Od kilku dni w Syrii pracują inspektorzy wysłani przez Organizację do spraw Zakazu Broni Chemicznej. Eksperci poinformowali już o zniszczeniu pierwszej partii trujących gazów. Organizacja, która ma siedzibę w Hadze potwierdziła też, że lada dzień do Syrii przyjadą kolejni inspektorzy. Sekretarz generalny ONZ ujawnił, jak ma wyglądać nowa misja Narodów Zjednoczonych w Syrii - Wspólna misja ONZ i haskiej Organizacji ma liczyć 100 osób. Tylko w niewielkim stopniu będzie obecna w Syrii.

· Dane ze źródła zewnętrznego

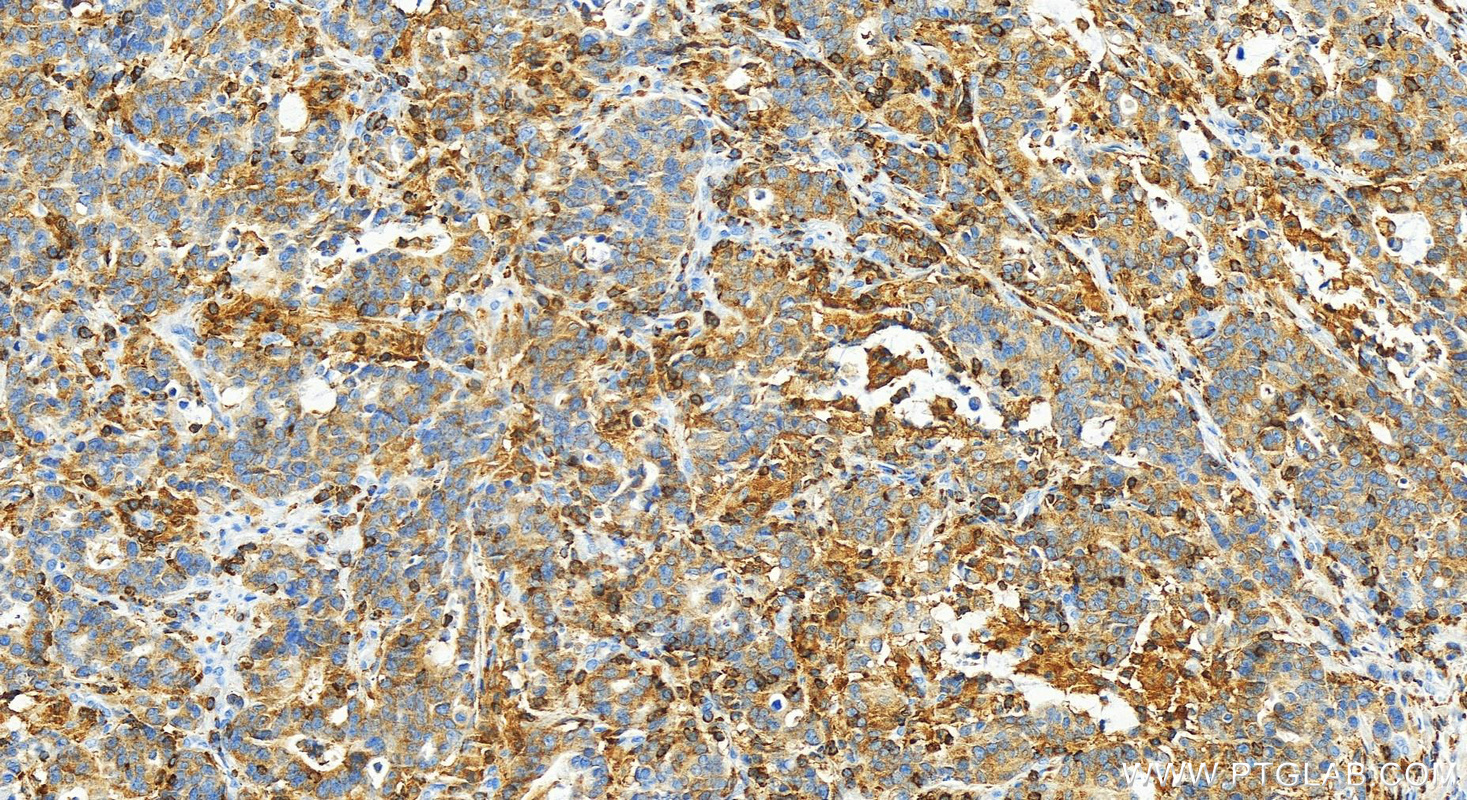 Immunohistochemistry (IHC) staining of human stomach cancer tissue using SH3BP1 Polyclonal antibody (20541-1-AP)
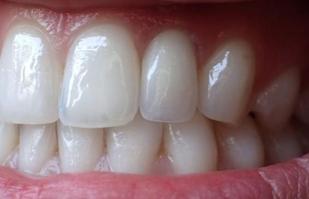 Denture Fix-On-Zircon Michel Puertas Denturologiste Brossard-Laprairie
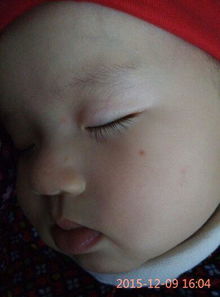 一、 儿童痣的临床特征及演变规律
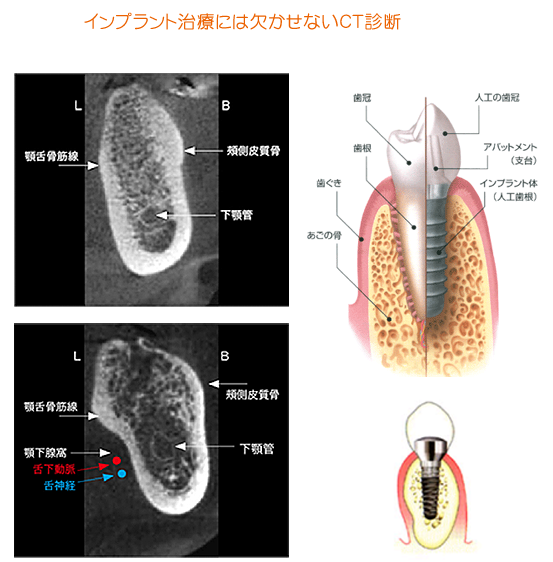 インプラント治療に欠かせないCT診断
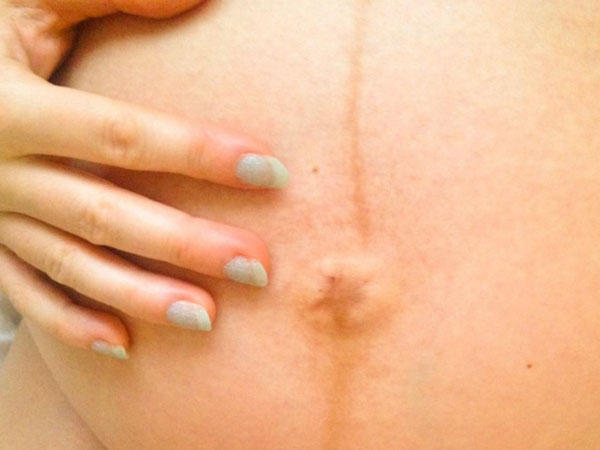 vạch nâu ở bụng có phải có thai không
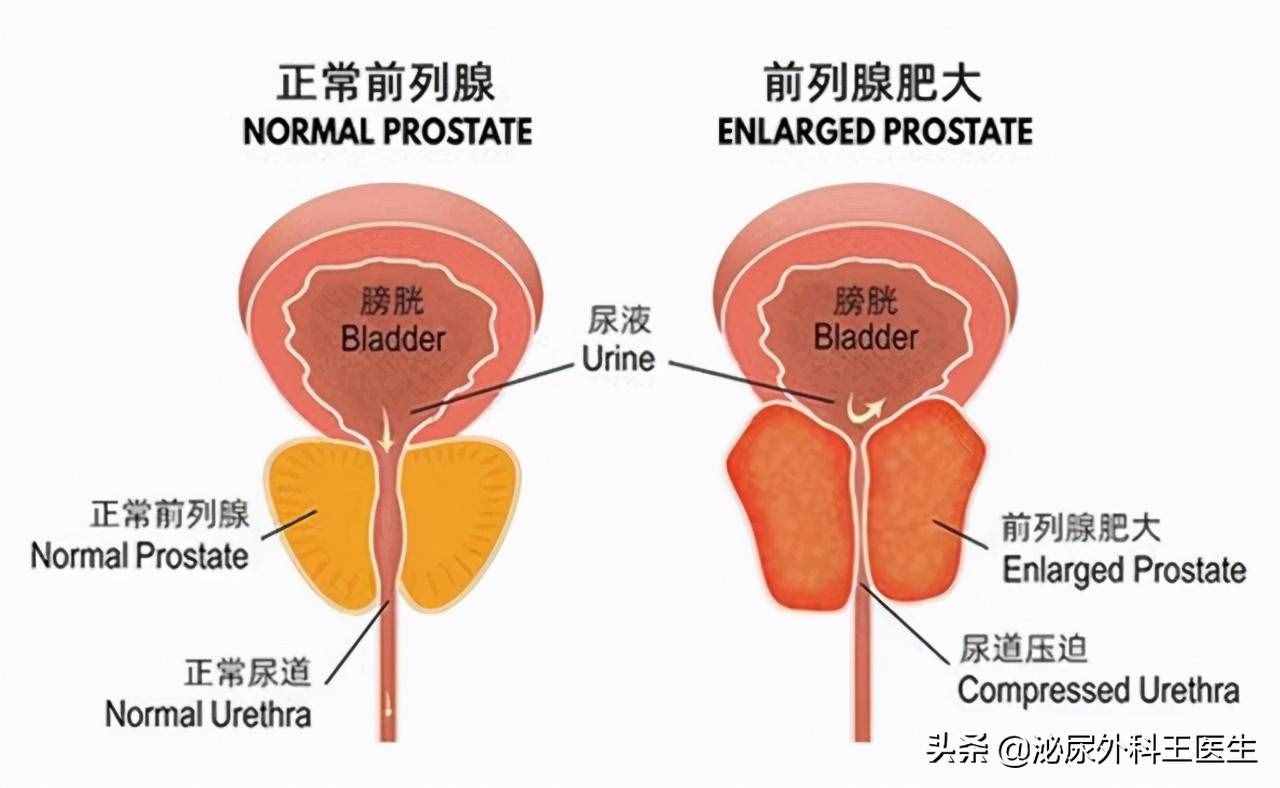 前列腺增生是怎么引发的？有什么表现？如何治疗与预防？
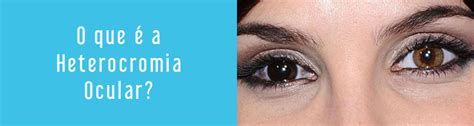 Que Heterocromia Ocular Oculari Hospital Oftalmol Gico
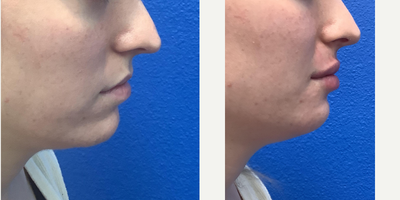 25-34 year old woman treated with Lip Fillers - Female in her 20s wants increased lip volumeDetails: Lip filler to improve lip fullness to make them look prettier/more feminine and reduce upper tooth show when she smilesShort summary: Lip filler to increase lip appearance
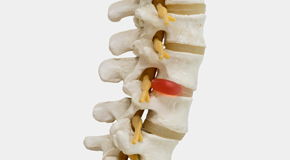 Minster chiropractic conservative care helps even giant disc herniations go away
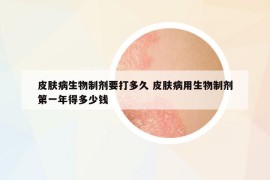 皮膚病生物制劑要打多久 皮膚病用生物制劑第一年得多少錢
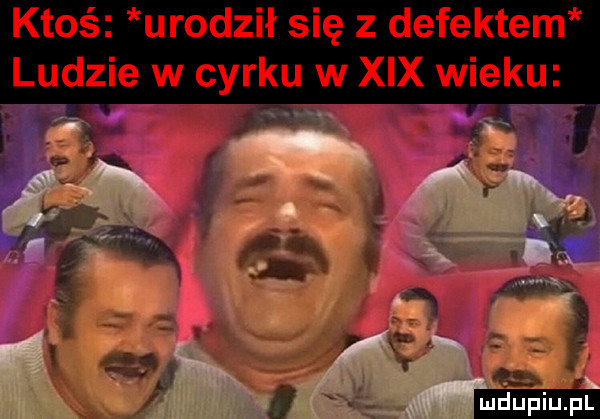 ktoś urodził się z defektem ludzie w cyrku w xix wieku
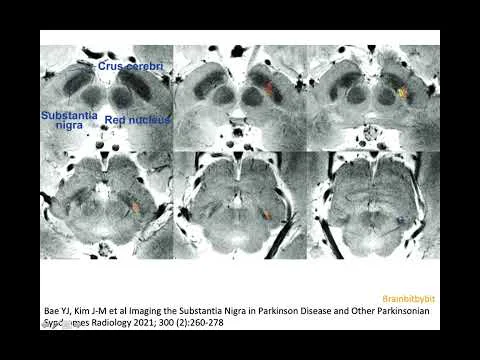 Video k článku ZDE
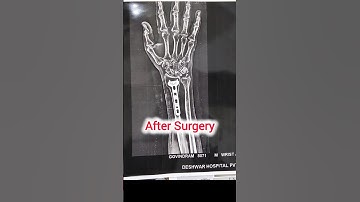 Hand radius bone fracture #fracturerecovery #shortvideo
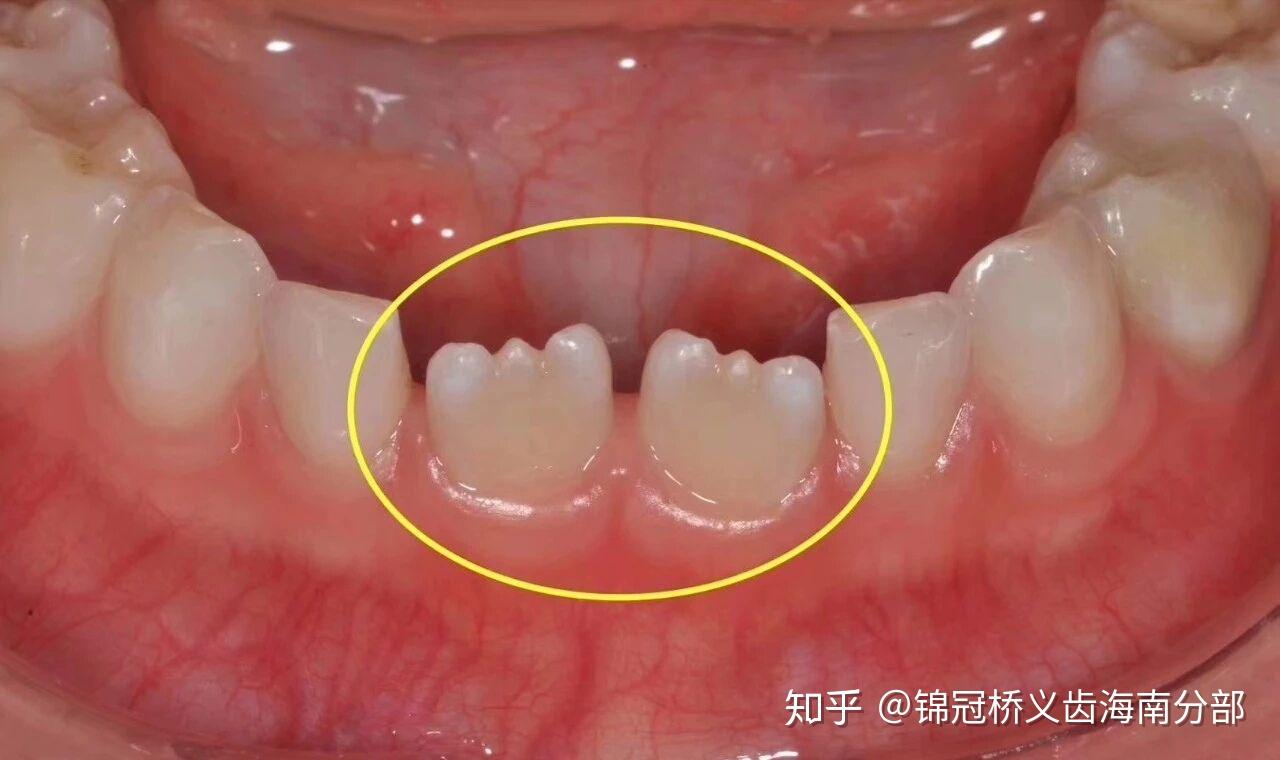 锯齿状牙常见于上下前门牙和侧切牙,它们在刚刚萌出的时候切端都呈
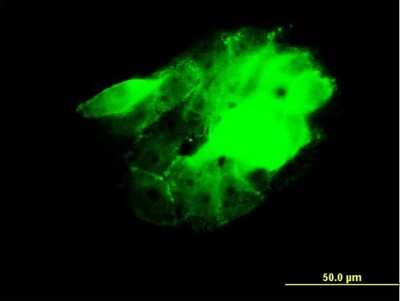 Immunocytochemistry/ Immunofluorescence: CDC42BPB Antibody (2F4) [H00009578-M03]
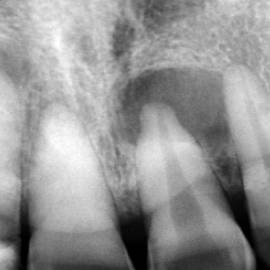 Root canal procedure steps at Dhanesh Dental Care Thoothukudi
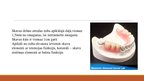 Presentations 'Izņemamās parciālās zobu protēzes ar plastmasas bāzi izgatavošanas klīniskie, la', 21.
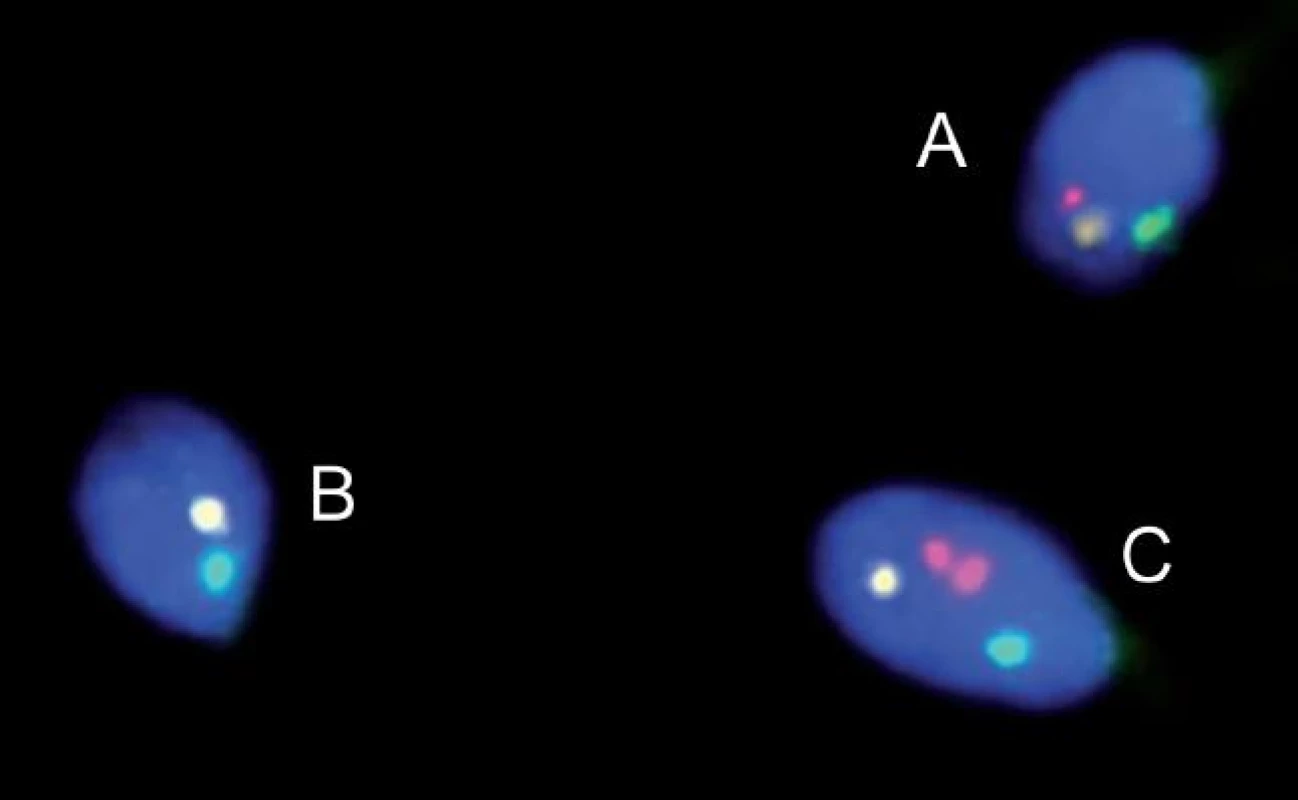 FISH u pacienta s reciprokou translokací. Spermie normální/balancované (A) a nebalancované (B, C).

Inspektorzy ONZ potwierdzili wcześniej, że 21 sierpnia na przedmieściach Damaszku doszło do ataku z użyciem sarinu. Amerykanie twierdzą, że w ataku zginęło niemal półtora tysiąca osób i oskarżają reżim Baszara al-Asada o dokonanie zbrodni. To właśnie to zdarzenie miało się stać podstawą do międzynarodowej interwencji w Syrii. Do ataku na Damaszek jednak nie doszło. ONZ ocenia, że wojna domowa w Syrii kosztowała życie 110 tysięcy osób.